El presidente Trump, en su discurso sobre la ilegalización del antifascismo, emula ese discurso patriota y anticomunista del macartismo, que ya en la década de los 50 se encargó de acosar y perseguir a cualquier persona en el país que pudiera ser sospechosa de «comunista», y se designa a sí mismo como el candidato de «la ley y el orden», siguiendo la estrategia de Nixon. Otra vez vemos como la historia se repite y los poderes económicos y políticos de EE. UU. comienzan a catalogar y acosar a todo aquello que pueda hacer tambalear su hegemonía política e ideológica en el país a las puertas de otra crisis económica mundial a causa del virus causante de la COVID-19.

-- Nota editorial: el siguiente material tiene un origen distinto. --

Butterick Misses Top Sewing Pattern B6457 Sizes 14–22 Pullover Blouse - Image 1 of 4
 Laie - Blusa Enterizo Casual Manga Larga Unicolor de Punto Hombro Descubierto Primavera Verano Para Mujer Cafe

Tristemente a día de hoy, el racismo es una lacra que sigue presente en todos los países occidentales. No podemos olvidar como en España se encarcelan sin orden judiciales a personas migrantes en los CIE, la cantidad de muertes que existen en las fronteras de Ceuta y Melilla, o la explotación laboral en el campo en condiciones de semiesclavitud

Esperamos que a través de estas revueltas se produzcan nuevos pasos organizativos en la lucha contra el Estado, la propiedad privada y el capitalismo; y se creen nuevos espacios de lucha, éxitos y revolución por un mundo sin racismo, ni explotación, ni clases sociales.